Nos Vacances de Blexbolex (Albin Michel Jeunesse), la pépite d’or du Salon du livre jeunesse de Montreuil (du 29 novembre au 4 décembre), est peut-être l’illustration parfaite de ce retour très prononcé au rêve. Le lauréat 2017 – l’histoire d’une petite fille, en vacances chez son grand-père, qui ne voit pas d’un très bon œil l’arrivée d’un éléphanteau – ne s’appuie sur aucun texte. Les lecteurs doivent imaginer eux-mêmes les sons et dialogues en tournant les pages de ce très beau conte. Un livre révélateur d’une tendance ? L’imaginaire serait-il encore plus développé qu’avant dans la littérature jeunesse ?
"Des respirations utiles dans le monde actuel"
"Cette année, on a vu revenir des textes plutôt du côté du rêve, du côté onirique", assure d’emblée la directrice du Salon du livre jeunesse Sylvie Vassallo. "Les jeunes et les enfants ont besoin de l’écriture du réel, qui existe toujours, mais ils ont aussi besoin de rêver, d’imaginer, de s’échapper.

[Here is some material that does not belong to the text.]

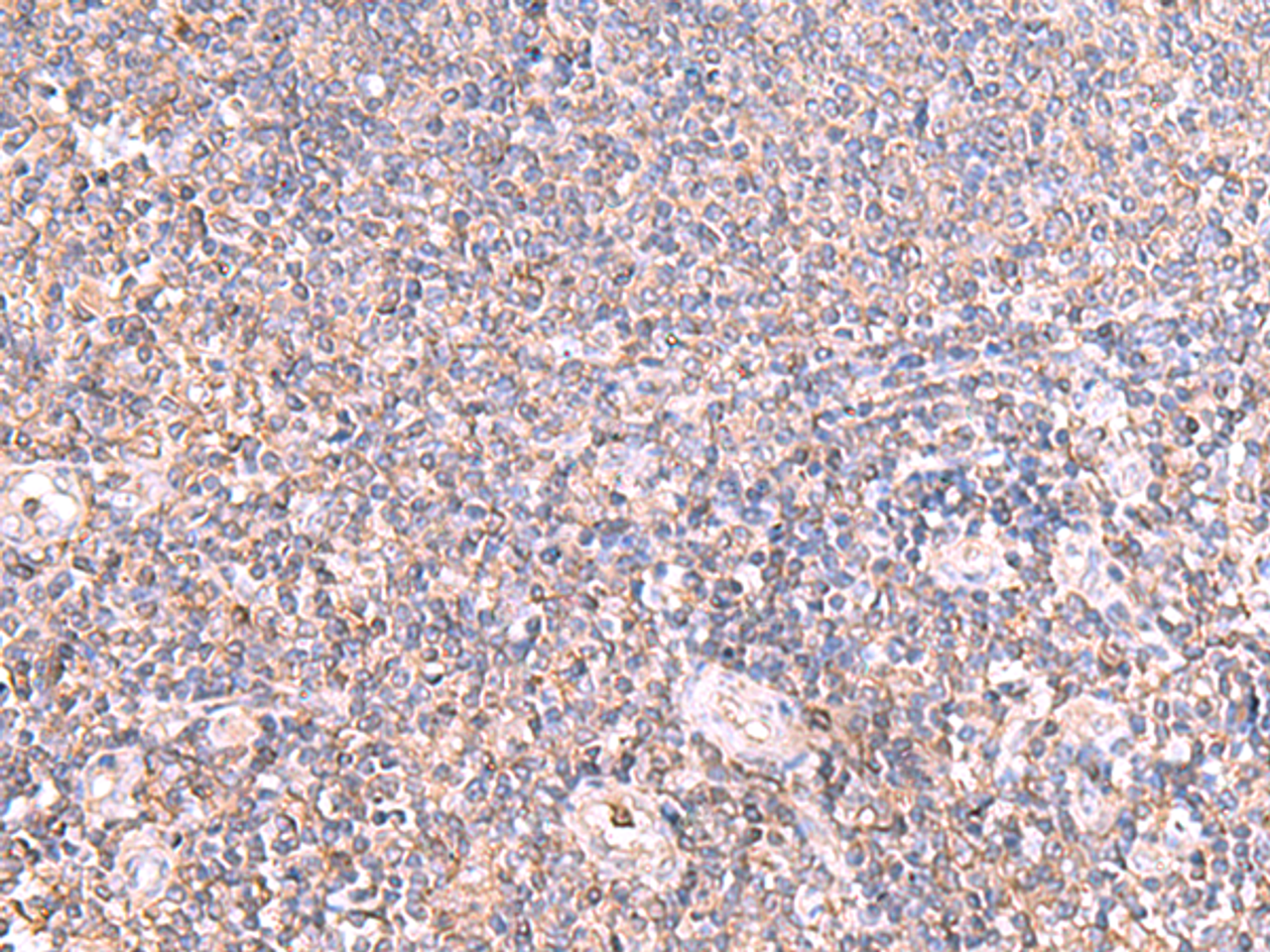 Immunohistochemistry of paraffin-embedded Human tonsil tissue  using IFT57 Polyclonal Antibody at dilution of 1:85(×200)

Dans ces voyages, ils retrouvent des respirations qui sont bien utiles dans le monde d’aujourd’hui".
S’évader grâce aux textes et illustrations, rien de vraiment nouveau dans le livre jeunesse. Mais "la tendance s’est accélérée ces dernières années", abonde François Martin, éditeur chez Actes Sud Junior. "Avec notamment les succès du roman dystopique ou des livres fantastiques comme Harry Potter, comme on tournait le dos à une littérature trop noire".
Sans vouloir "réduire pour autant toute une production qui est extrêmement variée" à un seul courant, François Martin met en avant Une petite voix de Patrick Olivier Meyer – nommé dans la catégorie roman des pépites du Salon du livre jeunesse. L’histoire de Jérémy, 8 ans, qui ne trouve pas sa place ni chez lui ni à l’école, est extrêmement puissante et s’appuie avant tout sur l’imaginaire. Ce petit garçon échange beaucoup avec une petite fille anglaise qui vit dans sa tête. Submergé par ce double imaginaire, Jérémy va finir par inquiéter ses parents et ses proches.
La multiplication des "livres magiques"
Depuis plusieurs années, les formats d’impression et de lecture se développent à une vitesse impressionnante. Livres pop-up – dont le développement a été facilité par l’impression laser – livres qu’on lit avec des lunettes 3D, et un même un album – Le Grenier de Mona Leu-Leu (Seuil Jeunesse) – imprimé avec des encres invisibles qui se révèlent grâce à une lampe 3D,… Autant de format qui font appel aux sens des lecteurs et qui les invitent au rêve.
"On est dans une société qui éduque différemment ses enfants et qui ne les met pas dans des bulles", poursuit Sylvie Vassallo, la directrice passionnée du Salon depuis plus de 16 ans. "Et l’édition jeunesse prend beaucoup de soin à dialoguer dans le réel. Mais ces dernières années, il y a un potentiel d’imagination qui s’est vraiment libéré". D’où l’explosion de ces ouvrages qu’elle appelle "livres magiques".
"Ne pas enfermer non plus les enfants dans un cocon coton"
"Dans ce qu’on reçoit tous les jours, on reçoit beaucoup de choses qui vont très loin dans l’imaginaire et c’est tant mieux", remarque aussi Thierry Magnier, responsable du pôle jeunesse d’Actes Sud (Actes Sud Junior, Hellium et Le Rouergue) et président du bureau du syndicat national d’édition pour la jeunesse. "Mais il ne faut pas non plus enfermer les enfants dans un cocon coton. En tant qu’éditeur, je pense qu’on a une responsabilité énorme de leur ouvrir les œillères pour qu’ils soient conscients de ce qu’il se passe".
"En librairie, les parents demandent très souvent que des albums légers pour s’évader", regrette Emmanuelle Beulque, directrice des éditions Sarbacane. "Il faut un juste milieu. On a besoin de se divertir mais on a besoin aussi de réfléchir sur les grandes questions, parfois lourdes comme la mort, le handicap, la maladie". Et de conclure, entre les deux mondes : "Quand on a un imaginaire riche et développé, on peut mieux faire face à la réalité".